Individuals wishing copies of the application, draft HCP, draft EIS, and draft IA, should contact the Service by telephone (see FOR FURTHER INFORMATION CONTACT). Copies of the subject documents are also available for public inspection during regular business hours at the Nevada Fish and Wildlife Office in Las Vegas (see FOR FURTHER INFORMATION CONTACT), and may be downloaded from the Nevada Fish and Wildlife Office Web site at:​nevada.

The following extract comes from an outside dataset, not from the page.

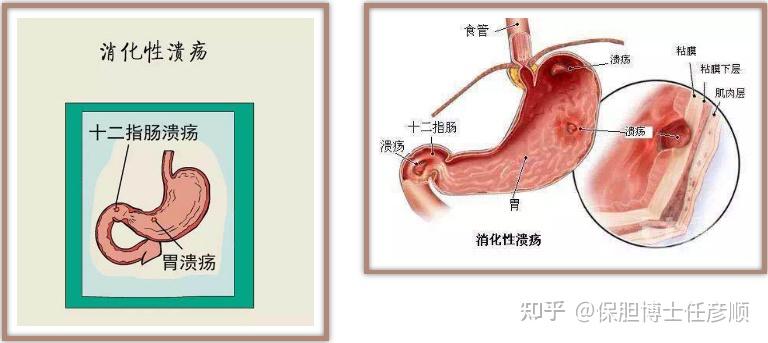 3,膽囊切除與消化性潰瘍膽囊切除與膽汁反流性胃炎4,某些肝臟疾病膽囊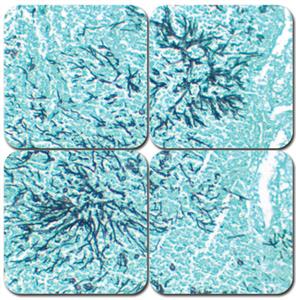 KTGMSPT | GMS Stain Kit, Pint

In addition, copies of all documents are available at the following library locations: (1) Clark County Library, 1401 E. Flamingo Road, Las Vegas, Nevada 89119, (702) 507-3400; (2) Washoe County Library, Downtown Main Branch, 301 South Center Street, Reno, Nevada 89501, (775) 327-8300; (3) Mesquite Library, 121 West First North Street, Mesquite, Nevada 89027, (702) 346-5224; (4) Alamo Branch Library, 100 N. First Street, Alamo, Nevada 89001, (775) 725-3343; (5) Lincoln County Library, 100 Depot Avenue, Caliente, Nevada 89008, (775) 726-3104; and (6) Lincoln County Library, 63 Main Street, Pioche, Nevada 89043, (775) 962-5244.

Background Information

Section 9 of the Act (16 U.S.C. 1531 et seq.) and Federal regulations prohibit the take of fish and wildlife species listed as endangered or threatened. Take of federally listed fish or wildlife is defined under section 3 of the Act as including to “harass, harm, pursue, hunt, shoot, wound, kill, trap, capture, or collect, or to attempt to engage in such conduct” (16 U.S.C. 1532). Harm includes significant habitat modification or degradation that actually kills or injures listed wildlife by significantly impairing essential behavioral patterns, including breeding, feeding, and sheltering (50 CFR 17.3(c)). Under limited circumstances, the Service may issue permits to authorize incidental take of listed fish or wildlife; i.e., take that is incidental to, and not the purpose of, carrying out an otherwise lawful activity. Regulations governing incidental take permits for threatened species and endangered species are at 50 CFR 17.32 and 17.22, respectively.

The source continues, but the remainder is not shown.